Following a five-month layoff in which it had suspended the publication of overseas arrivals to the U.S., the U.S. Department of Commerce’s National Travel and Tourism Office (NTTO) issued revised arrivals* figures for 2016 and 2017, confirming what many in the tour and travel industry knew: last year was one in which most key overseas markets recovered from a lethargic 2016 during which inbound traffic from these markets declined due to a number of factors—not the least of which was an extremely strong U.S. dollar vs. most key global currencies. (The table of the top 20 overseas source markets, showing those country markets which had record years in either 2015 or 2017 illustrates how weak 2016 was.) Some notes on the NTTO data release:
—By a small margin, 2017 produced a record number of overseas visitors (38.9 million), while overall international visitor traffic was 76.9 million, slightly off from the 77.8 million visitors who came to the U.S. in 2015. Last year would have been a record year for overall international arrivals to the U.S. were it not for a decline of more than a million annual visitors from Mexico—the country’s currency, the peso, plummeted in value against the U.S. dollar.

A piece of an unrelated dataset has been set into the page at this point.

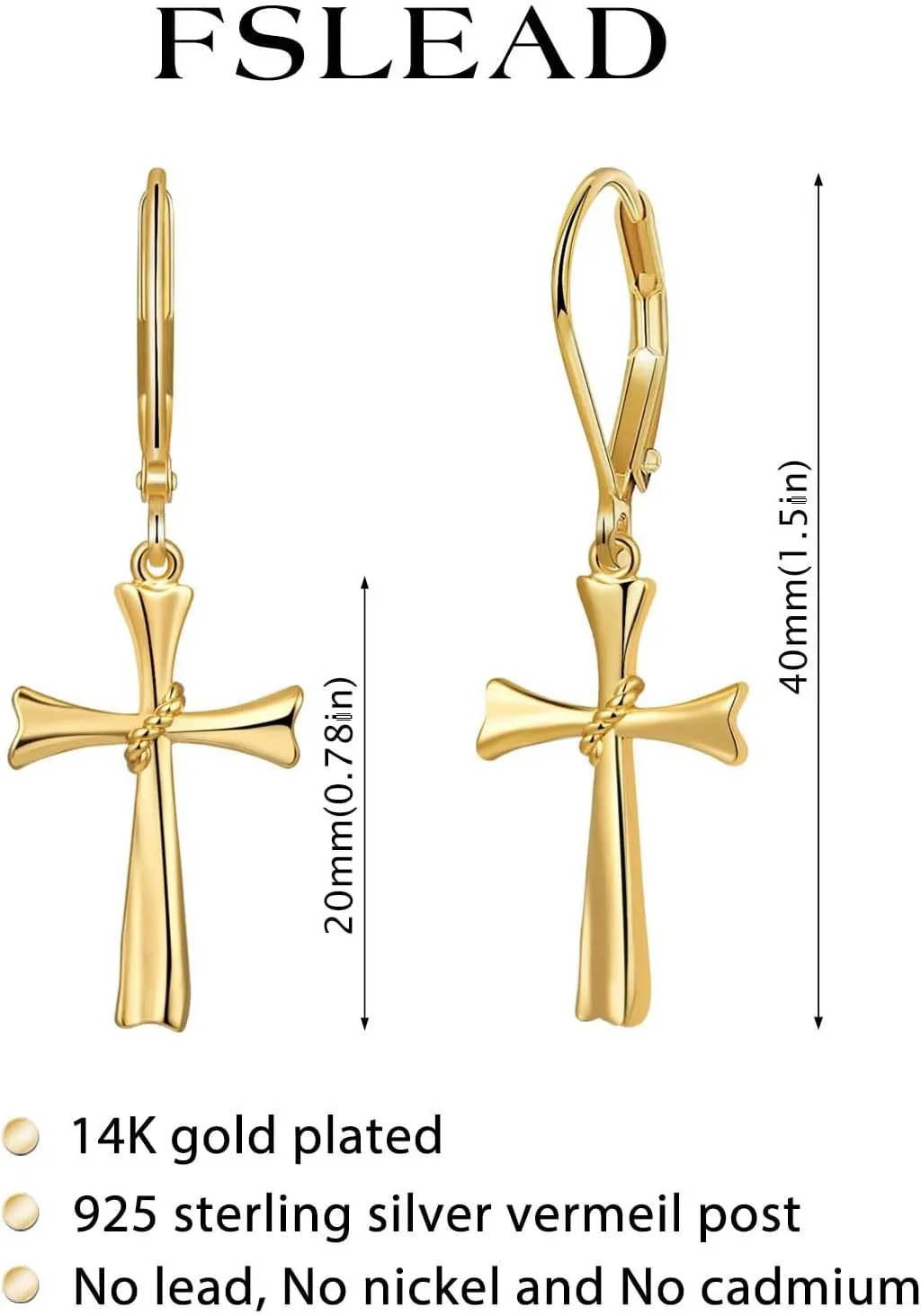 14K Gold Earring Cross Waterdrop Butterfly Heart Knot Earrings for Women Gold Silver Cross Leverback Drop Gold Silver Teardrop Hoop Dangle Earring White Gold Dangle Drop Earring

—Brazil staged a strong recovery last year as the nation’s economy—after mired in a record recession for two years—began to expand in the first quarter of 2017 and continued to do so for the rest of the year and into 2018. The three-year period of 2015-2107 has made CVC, already the largest travel company in Brazil, an even stronger presence, as it acquired a half-dozen smaller operators during the same time frame.
—Arrivals from South Korea to the United States increased by nearly a third from 2015 to 2017, propelling it to the Number 4 position among the Top 20 overseas source markets for inbound tourism to the United States.